I have read an article on Starrfmonline portal which is referred to a senior colleague in the profession Mr. Amin Lamptey who sort to reduce investigative journalism records of Anas Aremeyaw Anas to religious interpretations.
On records I am not a Muslim and so with all due respect will refrain from trying to interpret the Koranic verses; I have cited a response from another Islamic journalist to counter Senior Lamptey anyway. However, the first question to drop in my thinking cap after reading the article was; What does religion got to do with investigative journalism?
Well it may be because Anas is a Muslim, but Kwesi Nyantakyi is also a Muslim which should have served as a motivation for Anas to conceal his works to avoid hurting a Muslim brother, yet he went ahead and professionally discharged his duties to uncover the stinking rot that has eaten deep into our football game. What’s the benefit of being a Muslim, Christian or a traditionalist without helping to clean society of various negative activities? (That’s not what I intend achieving though).
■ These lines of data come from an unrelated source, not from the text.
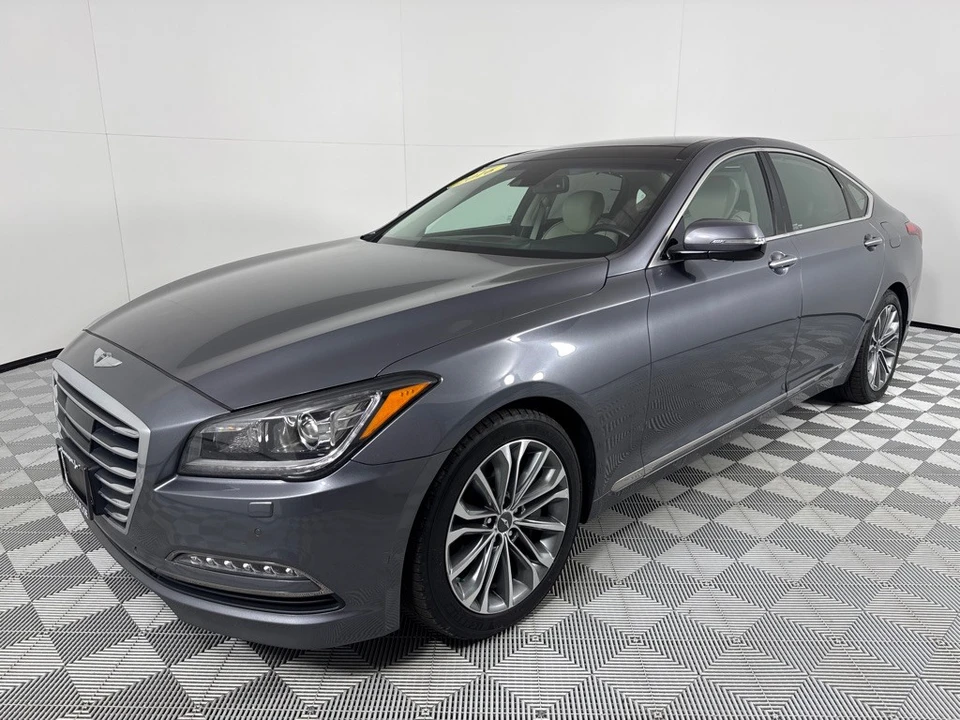 2016 Hyundai Genesis - Image 8 of 12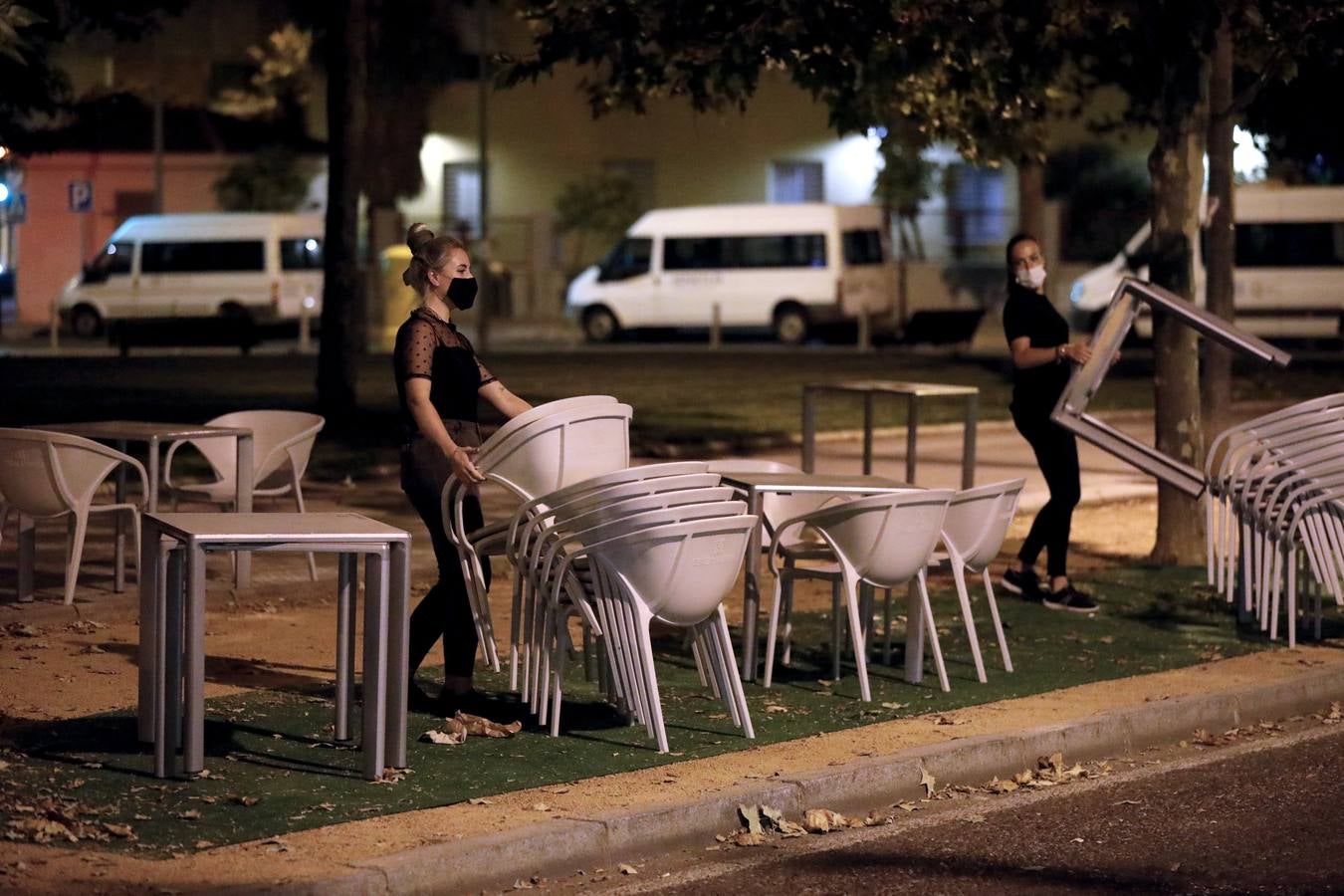 Las nuevas restricciones en la hostelería de Córdoba, en imágenes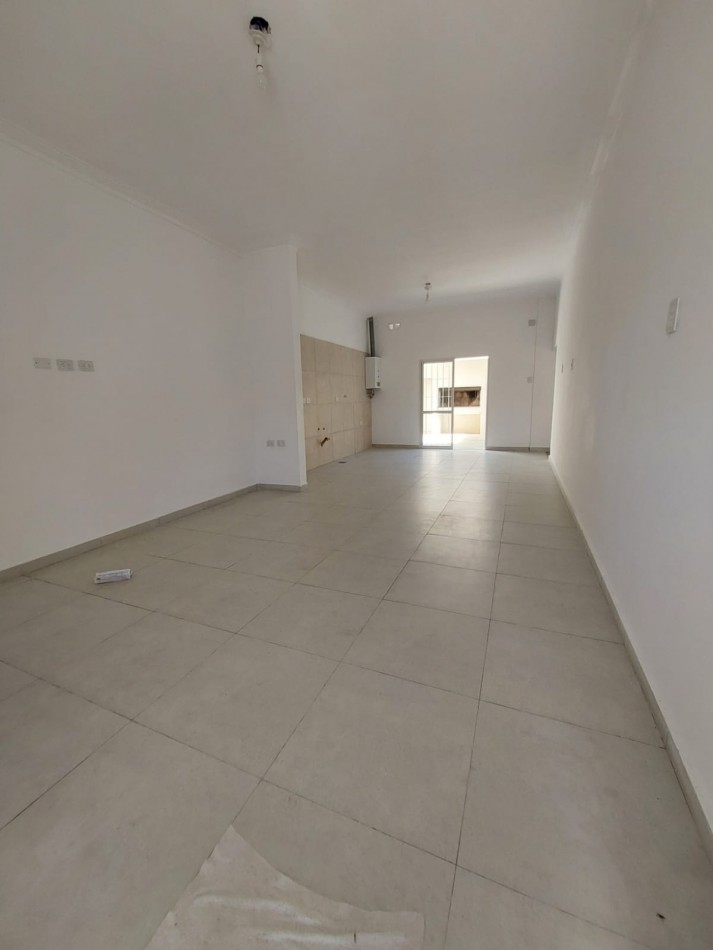 VENTA DE CASA TOTALMENTE REFACCIONADA EN PADRE GENESIO AL 1200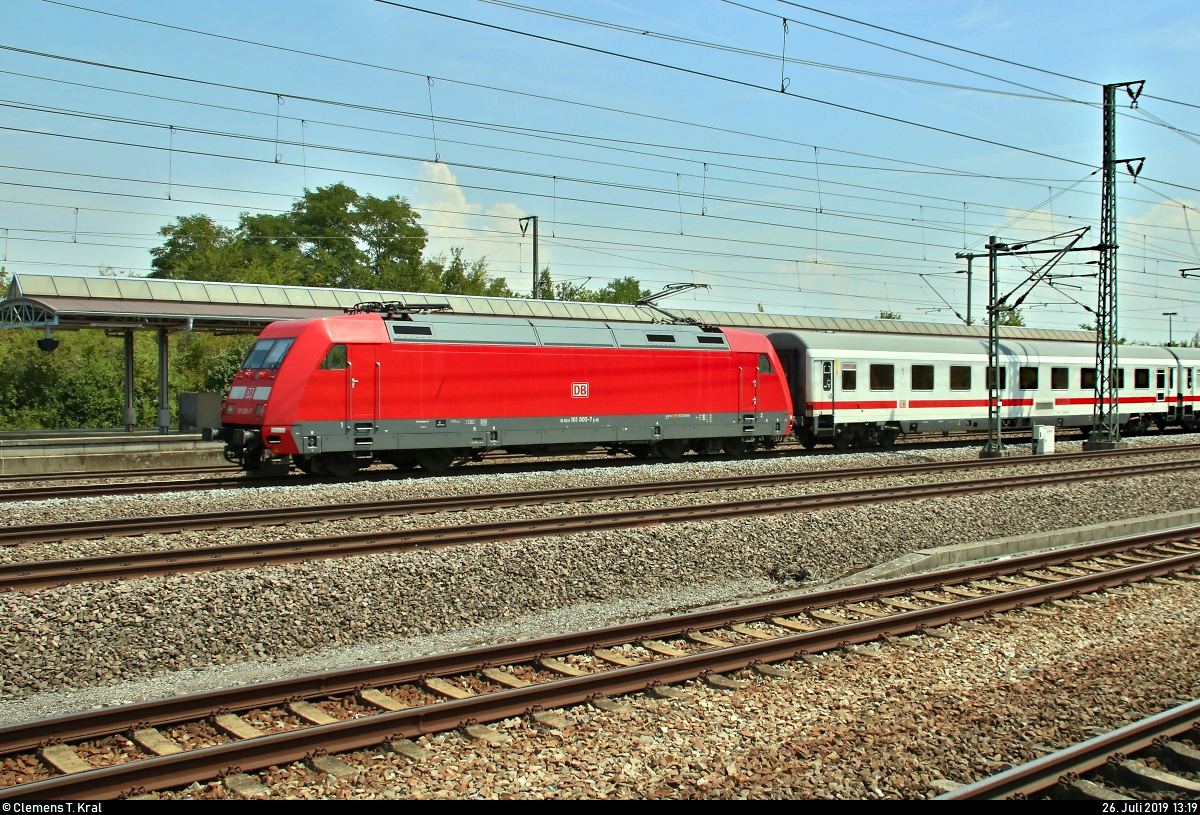 101 005-7 als IC 2168 (Linie 60) von Stuttgart Hbf nach Karlsruhe Hbf durchfährt den Bahnhof Vaihingen(Enz) auf Gleis 6.
Aufgenommen von Bahnsteig 1/2.
[26.7.2019 | 13:19 Uhr]
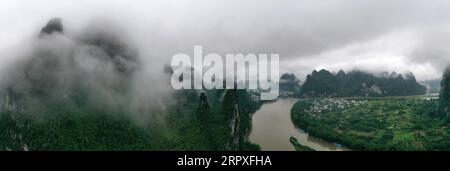 200521 -- GUILIN, 21. Mai 2020 -- Luftbild aufgenommen am 21. Mai 2020 zeigt die Landschaft der Stadt Xingping im Yangshuo County von Guilin, südchinesische autonome Region Guangxi Zhuang. CHINA-GUANGXI-GUILIN-YANGSHUO-LANDSCHAFT CN ZHOUXHUA PUBLICATIONXNOTXINXCHN Stockfoto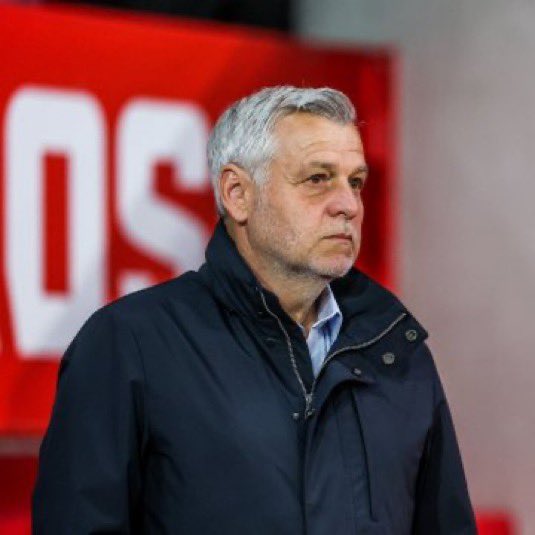 MadnessFoot7's tweet photo. Désoler mais je suis pas emballer par ces deux là… 

Galtier est pousser par FCM juste pour avoir des entrées à l’OM et au stade vu qu’il est le cousin de debono

Genesio c’est un lyonnais !! C’est comme si Lacazette devenait coach de l’OM ! 

Arrêter les connerie svp 🙏🏼 https://t.co/Ynw27smfcr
I suggest we need to be able to decouple ethics of journalism from religious beliefs; Mr. Lamptey as a student of journalism should have measured the work of Anas with the ethical principles of the profession. That’s to check the basics whether investigative journalism is real, allowed and practiceds worldwide; if that’s the case then where has Anas gone wrong?
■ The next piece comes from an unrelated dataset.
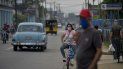 Las personas que usan máscaras faciales se ven en las calles, como la primera fase para aliviar la cuarentena impuesta para evitar la propagación del nuevo coronavirus comienza, en San José de las Lajas, provincia de Mayabeque, Cuba, el 18 de junio de 2020. Las personas que usan máscaras faciales se ven en las calles, como la primera fase para aliviar la cuarentena impuesta para evitar la propagación del nuevo coronavirus comienza, en San José de las Lajas, provincia de Mayabeque, Cuba, el 18 de junio de 2020.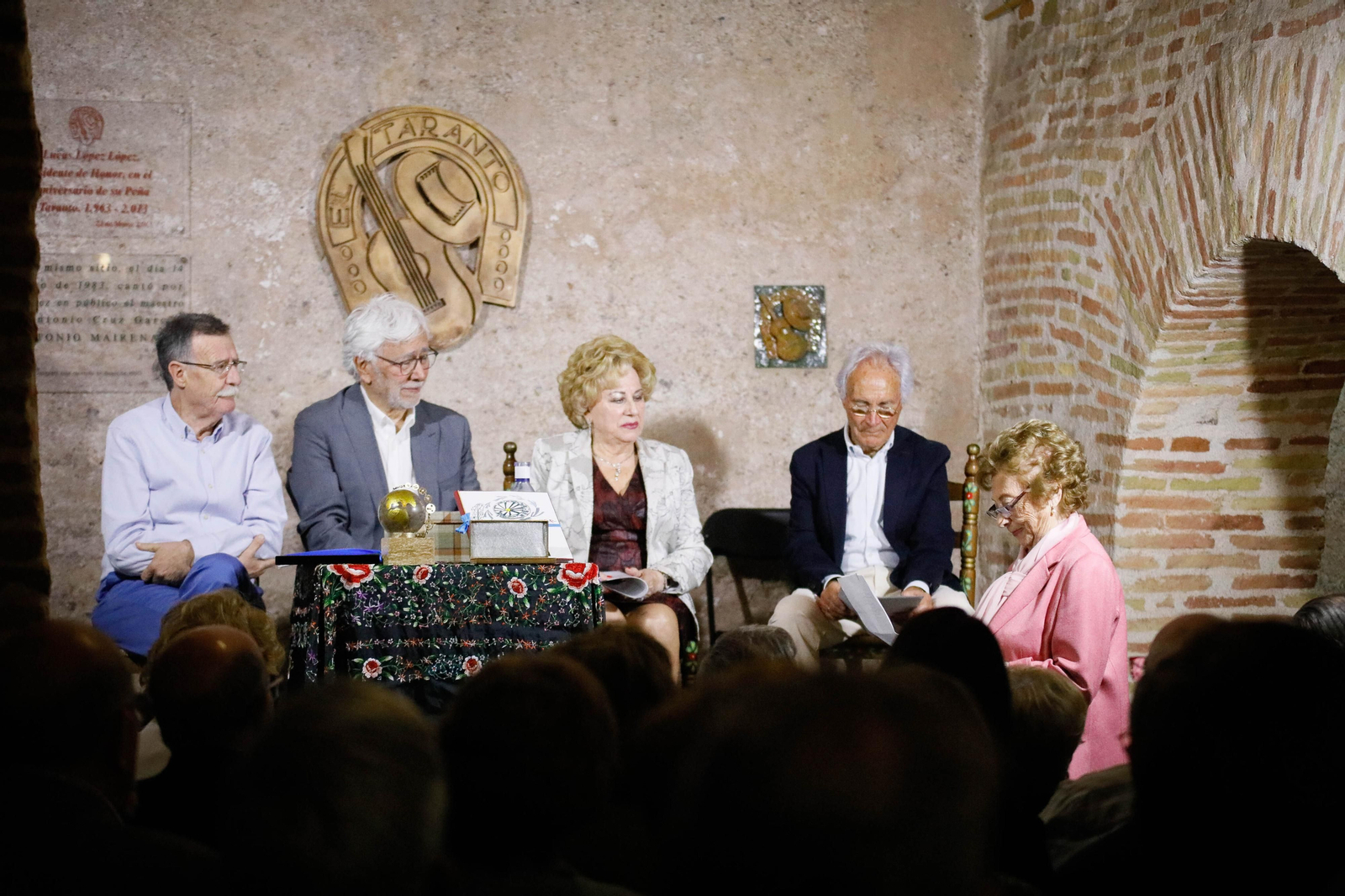 Entrega de Anagrama de Oro y Brillantes de la Ciudad de Almería a Andrés Caparrós en imágeness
Mr. Lamptey should have checked on the modus operandi in investigative pieces; where the investigator can fake and play a role in a syndicate to expose them, can delegate an agent to hang in a syndicate for information or yet still can bait the perpetrators with any thing that seem to be a good point of contact to expose them. This I think have always been the style of Anas which is a worldwide investigative technique even used by the world famous security agencies like CIA, KGB, FBI and the others.
Emotions and religious interpretations can not be the tool to determine what’s right with investigative journalism, ethics and legalities should be the bases to weigh the works of Anas; and that’s these two elements are the only tools that can be used to expose any weakness in investigative journalism. I will urge my Senior brother Lamptey to be wary about profession and religion; let us not do anything that might paint Anas black to the Muslim community which might eventually discourage him from adding his worth to societal cleansing.
We live by law and govern by law and seek justice from the law; Ghana is neither a Christian nor Islamic country that must be govern with religious beliefs. I hope and pray that more of the likes of Anas may spring up to help uncover rots in the system. There’s an adage that says “You don’t run when you have nothing to hide”.
May we get more understanding as we share ideas as responsible citizens.